The last real Hawkfire Duchess was Alire III (1502-1533), known as Alire the Foolish for reasons that have less to do with any lack of wisdom and more to do with blaming her for history. Isabella (also subject of her own OCD post; 1533-2254, though she wasn't a Hawkfire) won her way into Aerie through trickery, killed Alire, and sealed up the borders of the innermost district in the Ketthel province, Aerie and some small distance around it (about the size of a much-squashed New Jersey). Zhesske XVI (1533), Zhesske the Unfortunate, was Hawkfire in Ketthel for two and a half months after Alire's death as the rest of her family was systematically slaughtered before, pregnant, she fled as far away as she possibly could, thereby leaving Isabella in charge of Aerie and the territory of Inner Ketthel proper.
The Second Exile
As far away as Zhesske XVI could get ended up...well, not to put too fine a point on it, colonial New Orange in 1673. She had enough sense not to make an issue of the fact that she was from a completely different culture than the other people around her; a mishearing turned her name into 'Jessica', and she went with it. She taught her daughter a limited amount about Ketthel, Hawkfire, and magic in general, because it was very obvious very quickly that while the locals might be willing to put up with those Jews, they'd probably draw the line at ritualistic sun-worship. And she'd heard stories, down Massachusetts Bay Colony way...

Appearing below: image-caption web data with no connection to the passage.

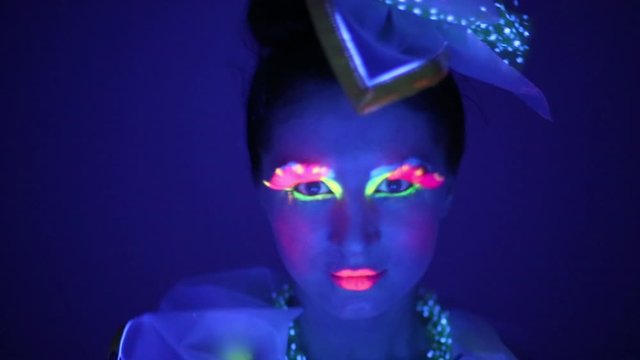Close-up of a girl with neon face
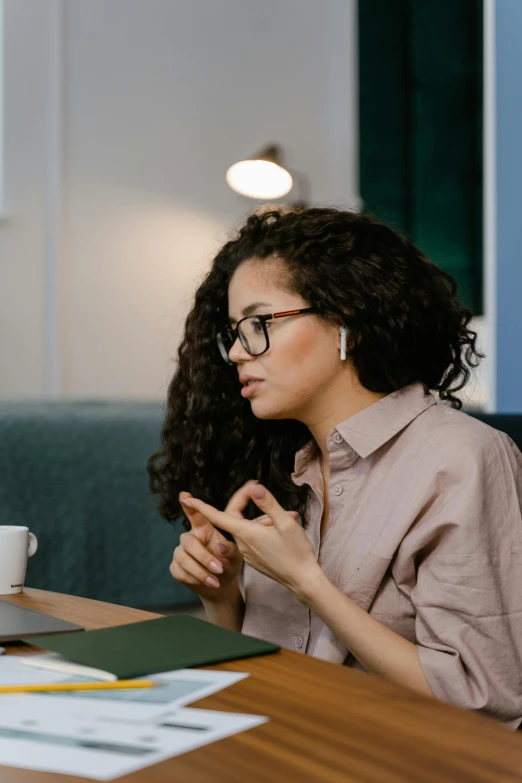 two women sitting at a table talking to each other, trending on pexels, realism, looking serious, diary on her hand, wearing black rimmed glasses, thinking pose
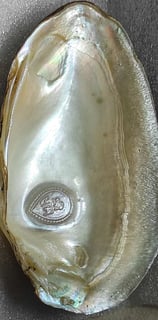 "11mm white designer cultured pearl with a divine face motif–crafted using nucleus technique-for global buyers"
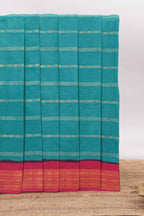 Rama green Sungudi cotton saree with gold zari stripe motifs a contrasting  zari border checked pallu and contrast blouse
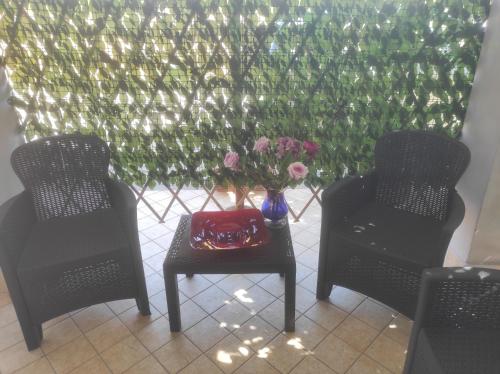 a table with a vase of flowers sitting between two chairs at Dreams House Paola-luxury suite near airport in Fiumicino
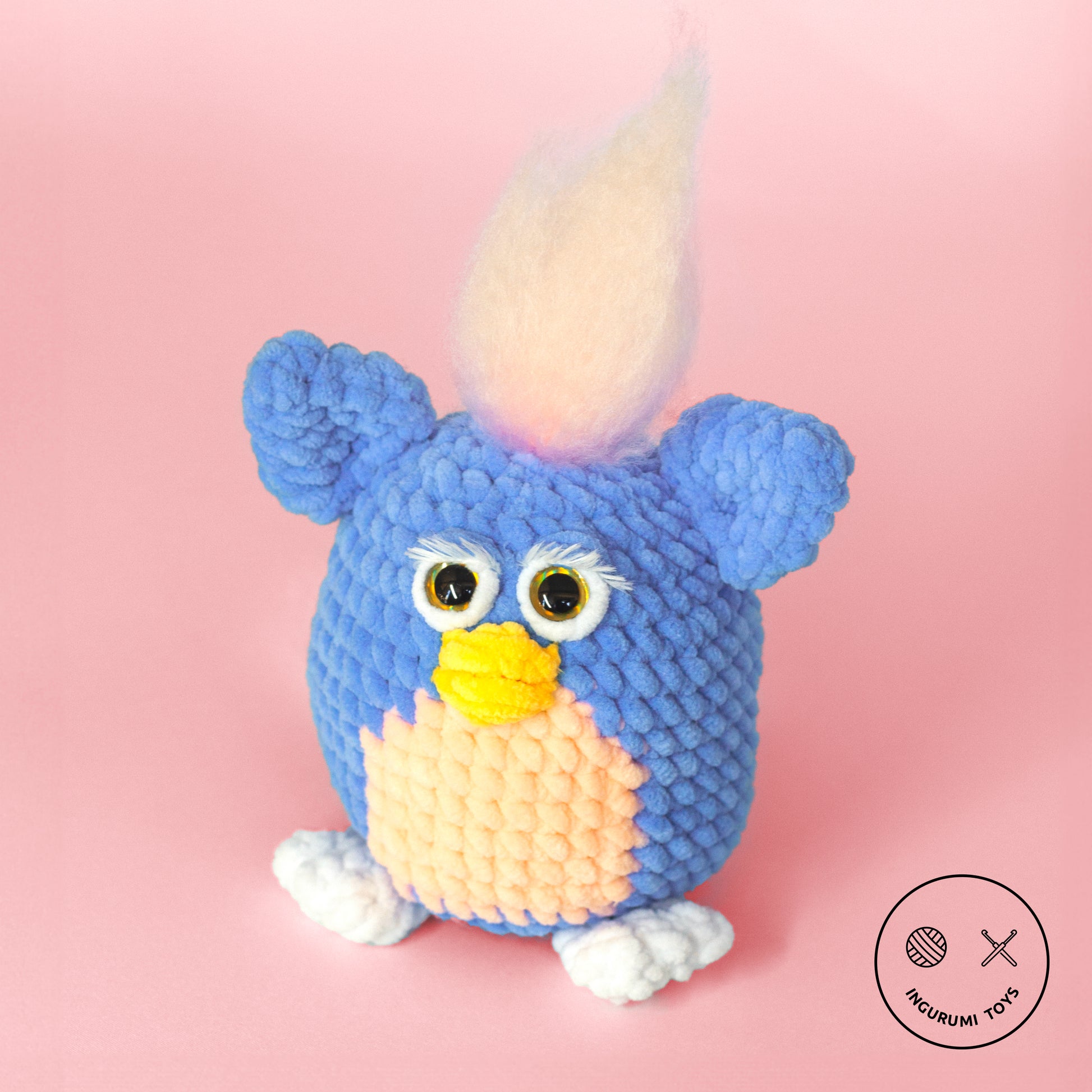 Crochet amigurumi pattern for Furby the 90s toy made with blue plushie yarn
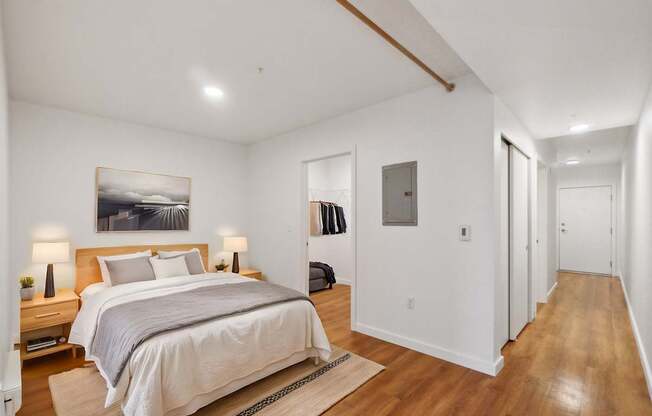 A bedroom with a large bed and a painting on the wall.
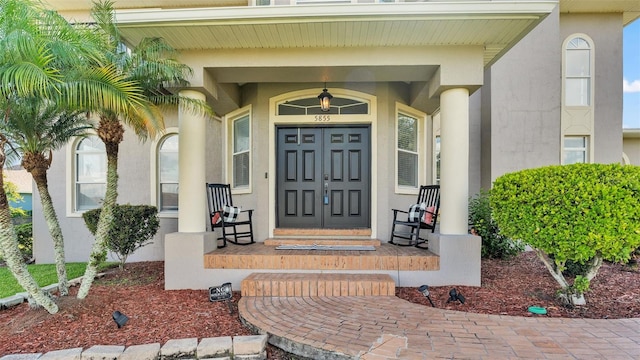 entrance to property with a porch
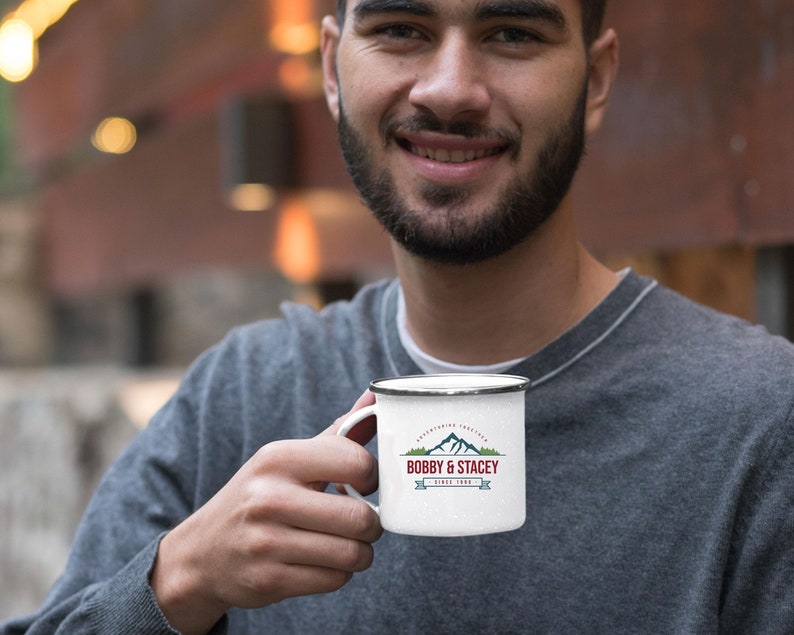 May include: White enamel camping mug with a red, green, and blue logo that says "Lake Fishing Tradition Bobby & Stacey Since 1988".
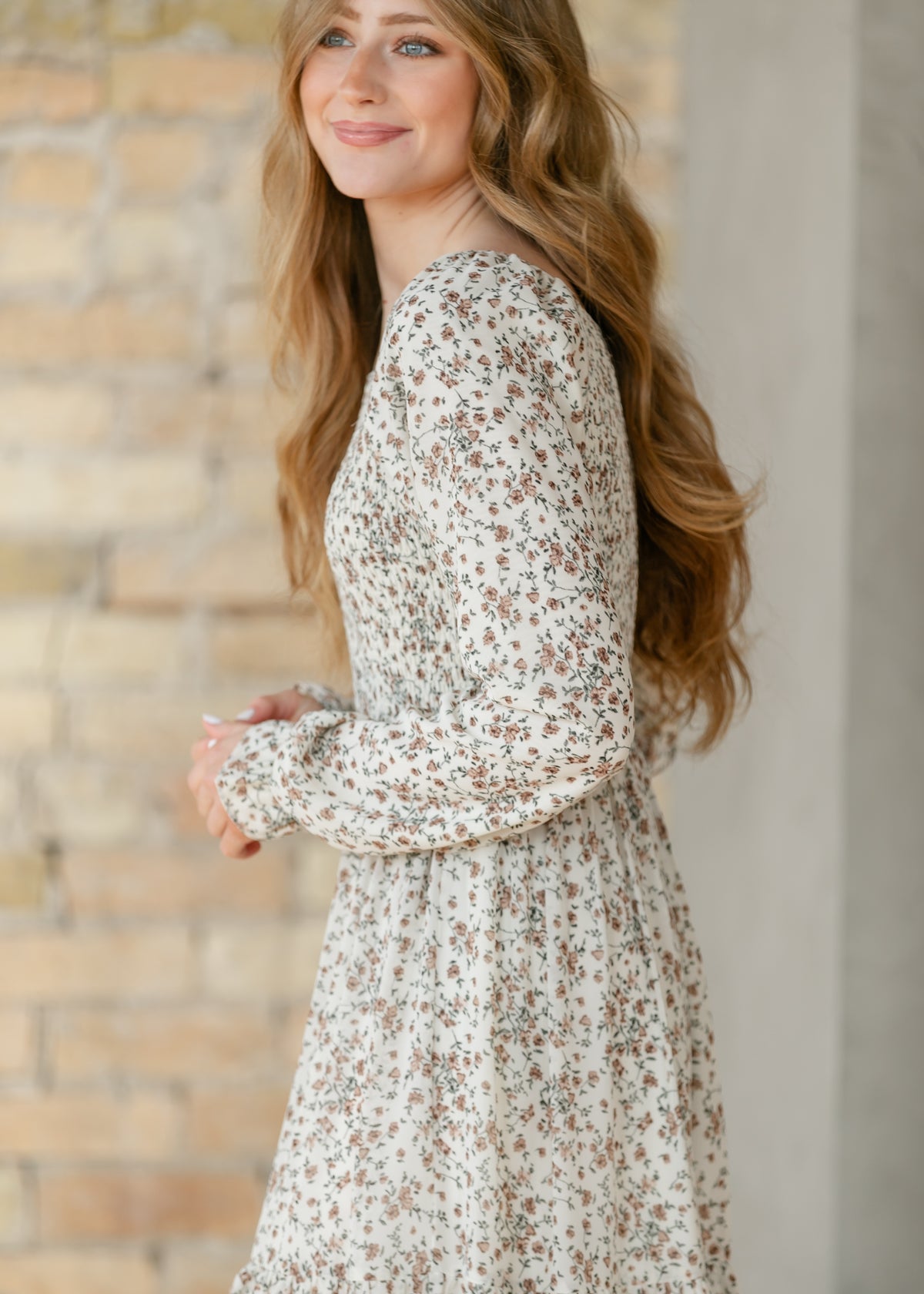 Side view of a woman wearing a floral dress standing against a brick wall.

Within a few decades, the Hawkfires were well-integrated, cosmopolitan Americans, even if they were just a couple of generations removed from penniless Grandma Jessie, come over to this country for a new life without a shilling to her name. A few of them fought in the Revolutinary War, and their platoons always did very well. Headed west as soon as the west was head-able, although sticking mainly to blooming urban centers as opposed to real rurality. Homesteaded in Kansas in the 1870's, then certain younger members of the family struck out yet further west. Spent some time in California and thereabouts. Suffered in both the Civil War and the Great Depression, but much less than most; lost far more children during WWI and WWII. After WWII, Jessica Kinney married Lieutenant Thomas Reed, who brought her back to his home in Chicago. Their son moved out to the suburbs with his wife and their one daughter, also named Jessica, because hell, it's a family name, even if it was the eighties and every third baby girl was getting named that.
Then, of course, there was drama, prophecy, magic, and Zhesske XVII, or Zhesske the Savior (who still Romanizes her name the way it's spelled on her birth certificate, no matter what Max says about Sacien closed vowels and intonation. It's not like anybody here could read the letters anyway). But that, of course, is the whole point of this exercise in the first place.
So, that's the overview, and now I'm going to bed before the whole not-having-eaten-since-what-was-granted-a-disgustingly-huge-lunch thing becomes too much of an issue. And before I put too much thought into having to build a coherent family tree that spans all nine hundred years of Ketasacia, because, ouch. At least the naming will be easy; just throw in another Zhesske every century or so. They're like Louises, only less decapitation.